The first show was Confiding in Frank, performed by Pop Theatre, in that comfortable big acting space upstairs at Castle Hill. In a tentative love story with a difference, Star Wars and DC comic nerd Gary and wannabe fashionista Chloe find themselves flat-sharing. After a bumpy start Chloe starts to warm to him and Gary realises that he’s finally within touching distance of a girl! But how to win her over, that’s the question. Enter Frank, the third “person” in the flat-share – and does his wise-cracking advice help or hinder? You’ll have to see it to find out!
Written by and starring Charlie Mackenzie and Melissa Knott, this is a very funny, quirky and surreal little play that treads a fine line between the recognisably real and the utterly preposterous. Mr Mackenzie’s Gary is a child in an adult’s body, and he amusingly conveys his wacky virgin insecurities and his inability to do the right thing at the right time – for example, settling down for a cosy night for two on the sofa shouldn’t be marred by ecstatic couch-conducting the Star Wars Theme. I wondered at one stage whether Mr Mackenzie’s characterisation of Gary was a tad on the frenetic side and maybe not quite realistic enough; but then I remembered he was talking to a fish, so realism flies out the window anyway.
Melissa Knott plays Chloe as a frazzled, easily weirded-out, world-weary kind of girl, who’s looking for kindness and understanding – but instead gets a Games Workshop Luke Skywalker. She’s at her happiest when contemplating her career development, rather than coping with an over-exuberant IT oaf who knows nothing of the etiquette of romance. Both performances lean slightly more towards caricature than characterisation, but that’s not inappropriate for the subject matter. Backstage Elliot Murray provides the voice of the streetwise and sarcastic Frank, who has most of the best lines, including the most suggestive activity deriving from a Box of Heroes sweets that I’ve ever heard. Frank is perhaps a distant cousin of Little Shop of Horrors‘ Audrey II, and gives us lots of laugh out loud moments.
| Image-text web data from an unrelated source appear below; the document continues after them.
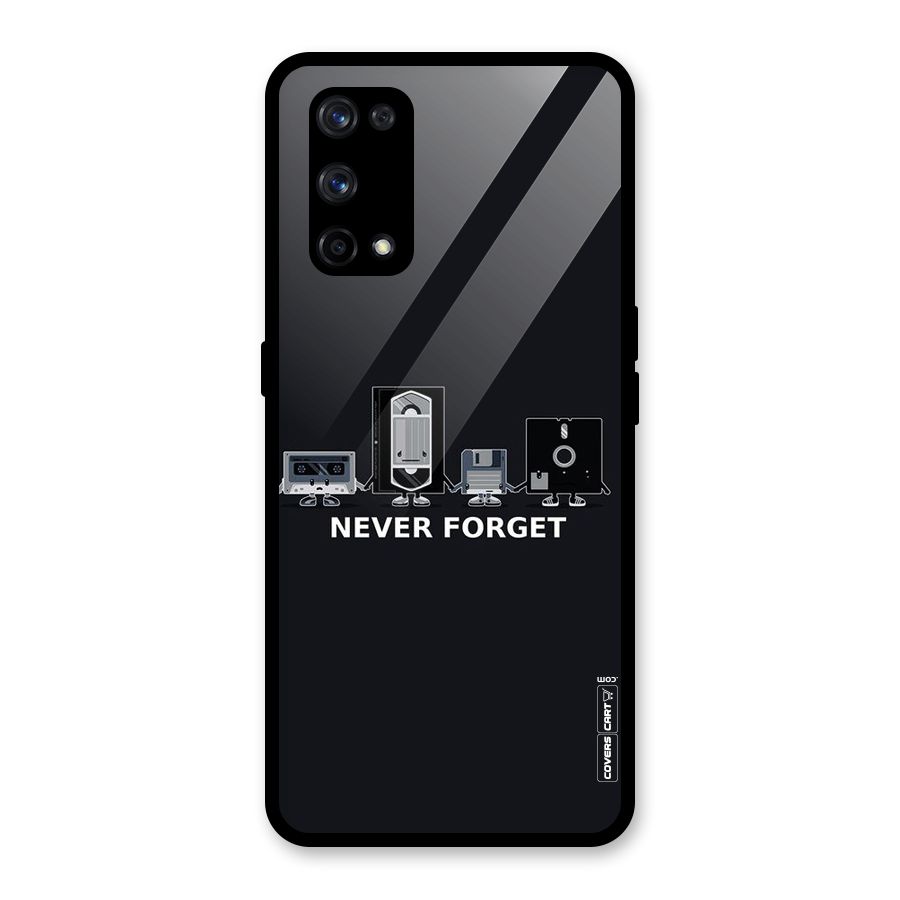 Never Forget Glass Back Case for Realme X7 Pro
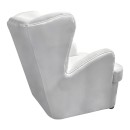 Πολυθρόνα Regalo pakoworld βελούδο σε λευκή απόχρωση 75x88x85εκ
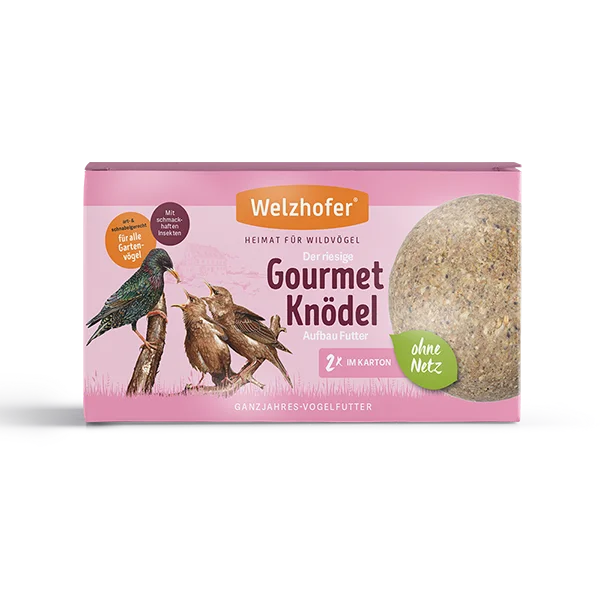 Welzhofer Der riesige Gourmet Knödel – ohne Netz 2 x Aufbau Futter kaufen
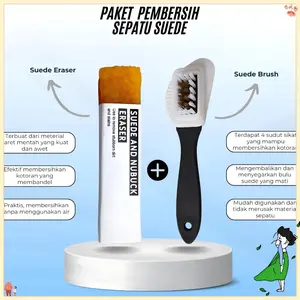 Paket Pembersih Sepatu Suede & Nubuck Sikat Suede Brush & Penghapus Suede Eraser Alat Membersihkan Kotoran Efektif Praktis Shoe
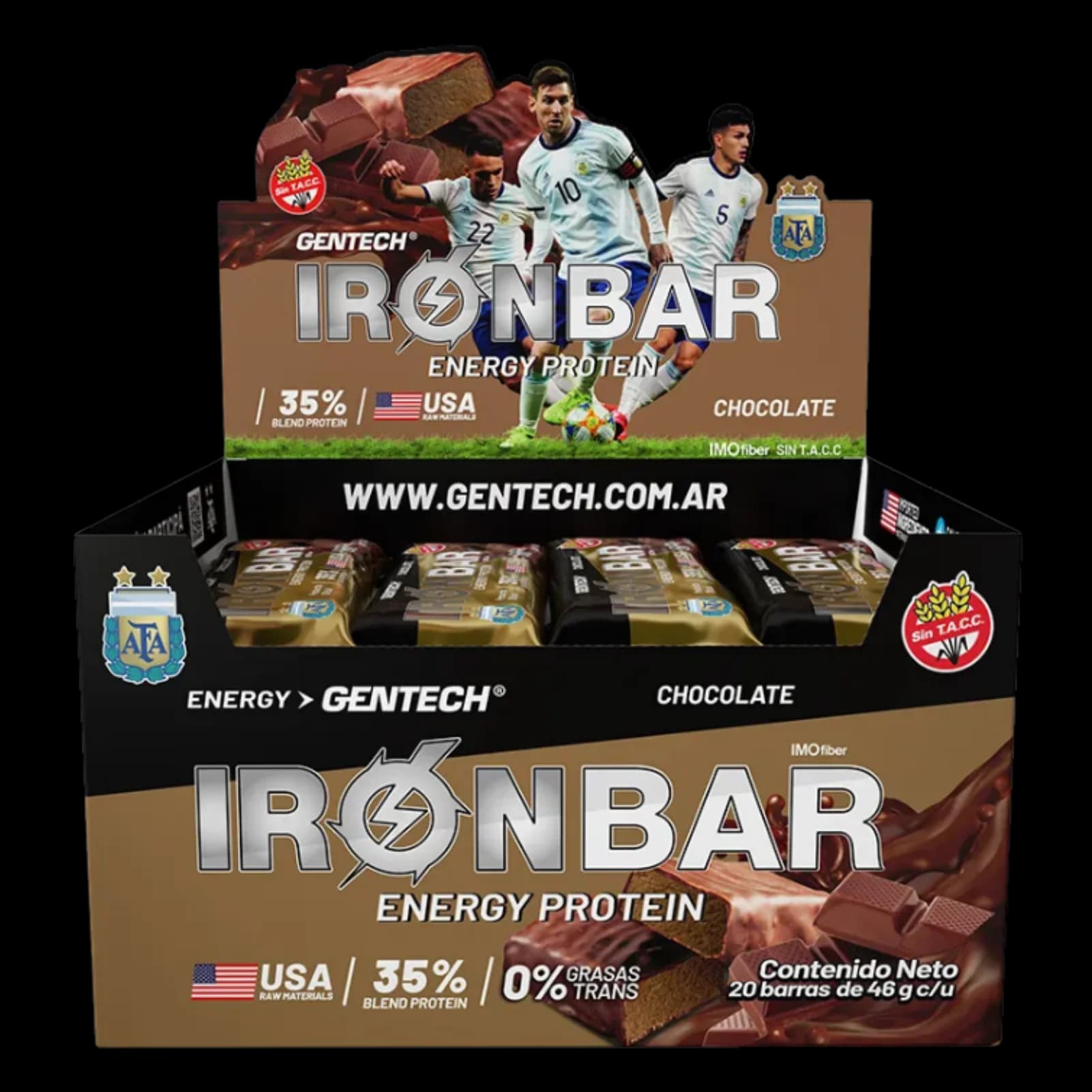 Gentech IronBar Chocolate Caja 20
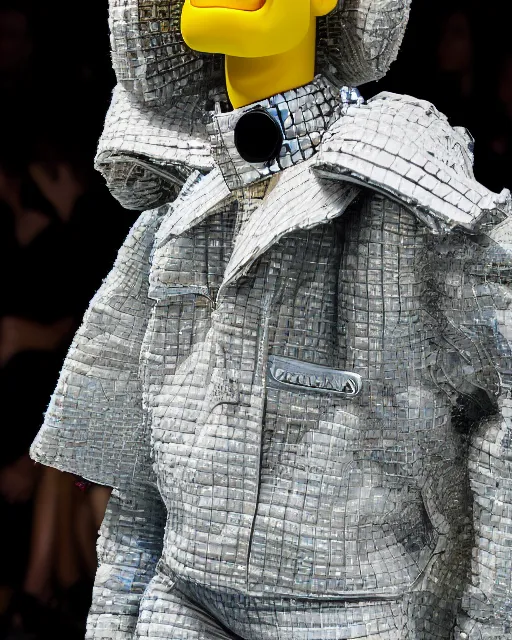 Prompt: Bart simpson hyperrealistic and heavy detailed balenciaga runway show of bart simpson , Leica SL2 50mm, vivid color, high quality, high textured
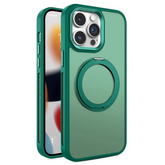 Coque iphone transparente avec support rotatif Magsafe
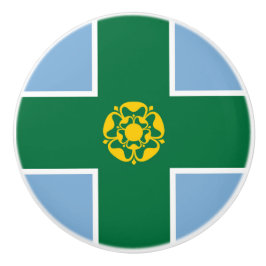 Vlag van Derbyshire (Graafschap van Engeland, VK) Keramische Knop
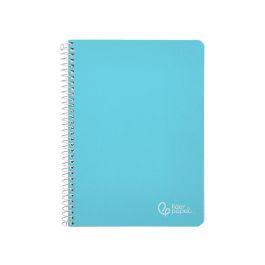 Cuaderno Espiral Liderpapel Din A5 Witty Tapa Dura 80H 90 gr Cuadro 4 mm Con Margen Color Azul 5 unidades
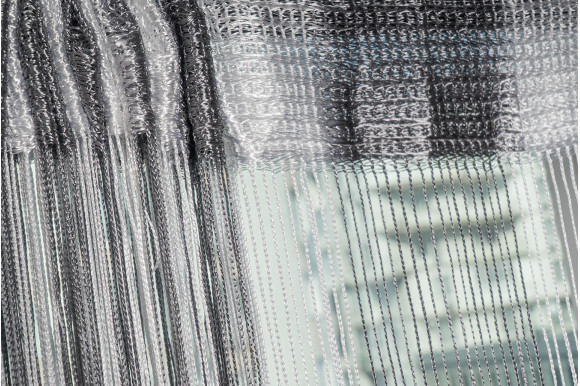 Штори нитки веселка двоколірні SNV-9370 Штори нитки веселка двоколірні SNV-9370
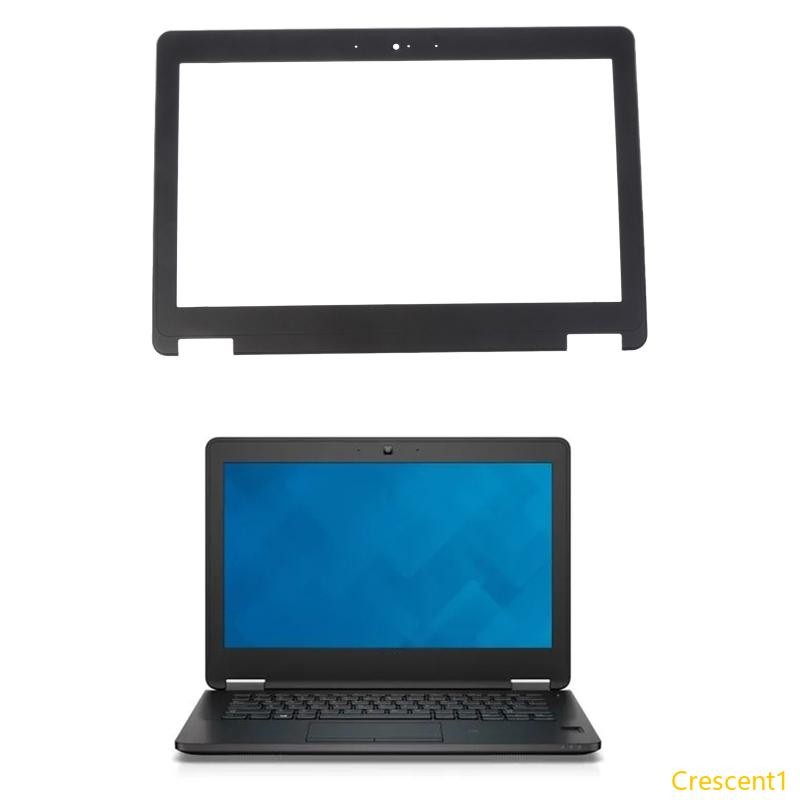 Crescent1 เปลี่ยนหน้าจอสําหรับ Latitude E7250 LCD ด้านหน้า Trim ฝาครอบยี่ห้อใหม่กรอบสีดํา PN 0V5Y98 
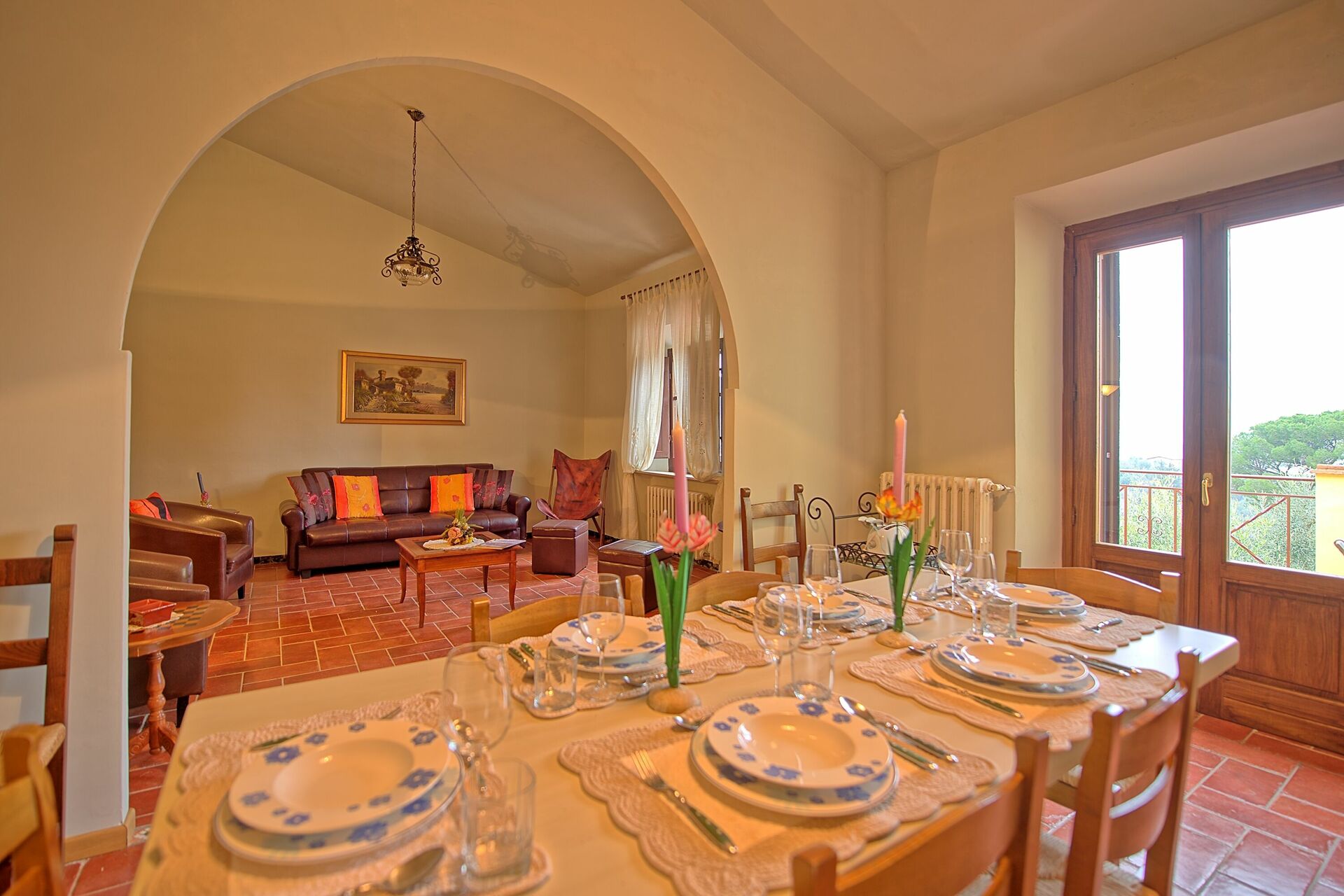 Villa Gloria keuken in Lucignano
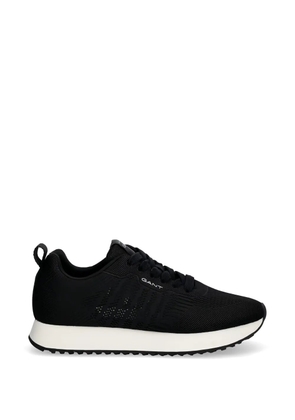 Gant lace-up knit sneakers - Black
Technically there were a couple of minor hitches – Mr Mackenzie’s light sabre fell apart and thwacked Mr Smallmind on the knee (he won’t sue) and in Gary’s relentless enthusiasm for physical recklessness, Mr Mackenzie knocked over a tub of fish food which stayed there, ominously, throughout the performance. However, the cast remained completely unfazed by these issues, so top marks to them.
Spoiler alert, but it’s not a happy ever after ending for our two lovebirds; and I found myself surprisingly moved and disappointed by that. After all the effort he makes, you would have thought Gary could have had some reward on Valentine’s night!
An enjoyably bizarre 45 minutes – congratulations to all involved!